§ **YOUR ASSIGNMENT**:
Your answer must be a word-for-word copy of the listing below, minus its pictures.

§ **SOURCE RECORDS**:
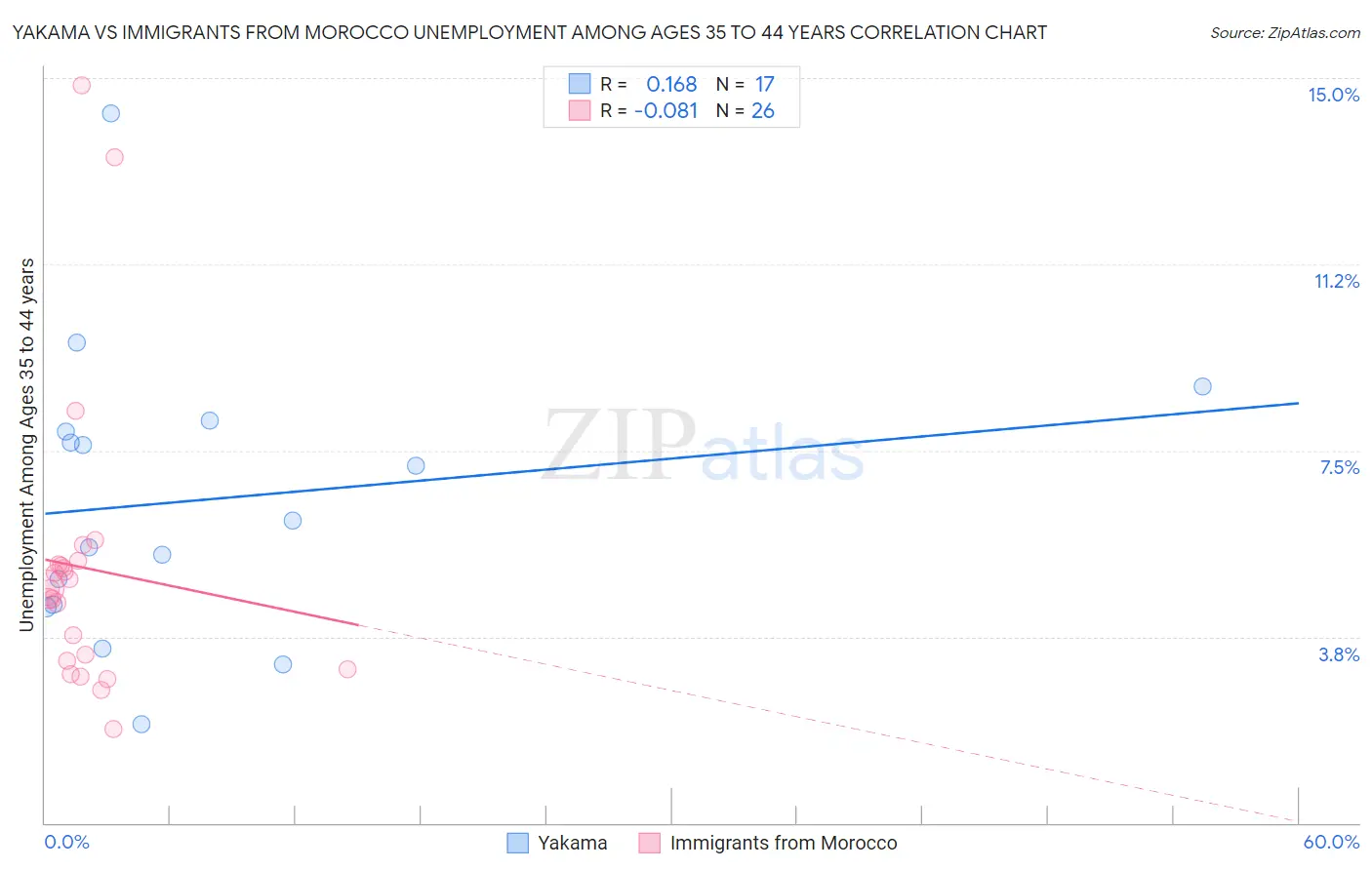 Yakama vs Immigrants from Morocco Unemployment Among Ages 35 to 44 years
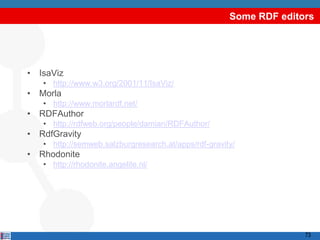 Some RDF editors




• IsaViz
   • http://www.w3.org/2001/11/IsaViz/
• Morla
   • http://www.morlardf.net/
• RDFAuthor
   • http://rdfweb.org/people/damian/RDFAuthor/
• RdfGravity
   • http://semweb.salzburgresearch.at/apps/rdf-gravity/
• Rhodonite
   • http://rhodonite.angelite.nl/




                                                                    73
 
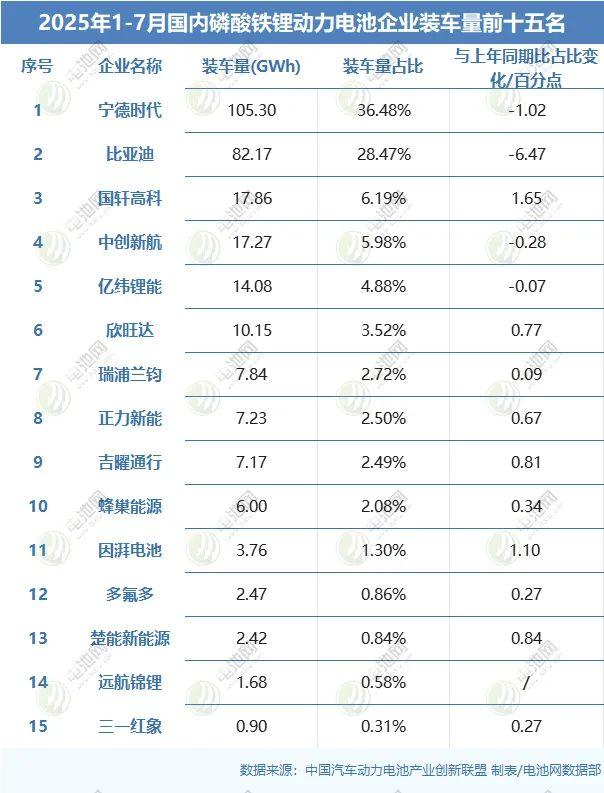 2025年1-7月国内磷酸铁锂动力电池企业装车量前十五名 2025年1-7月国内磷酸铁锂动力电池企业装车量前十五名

§ **SOLUTION BELOW**:
 Yakama vs Immigrants from Morocco Unemployment Among Ages 35 to 44 years
 Some RDF editors




• IsaViz
   • http://www.w3.org/2001/11/IsaViz/
• Morla
   • http://www.morlardf.net/
• RDFAuthor
   • http://rdfweb.org/people/damian/RDFAuthor/
• RdfGravity
   • http://semweb.salzburgresearch.at/apps/rdf-gravity/
• Rhodonite
   • http://rhodonite.angelite.nl/




                                                                    73
 
 2025年1-7月国内磷酸铁锂动力电池企业装车量前十五名 2025年1-7月国内磷酸铁锂动力电池企业装车量前十五名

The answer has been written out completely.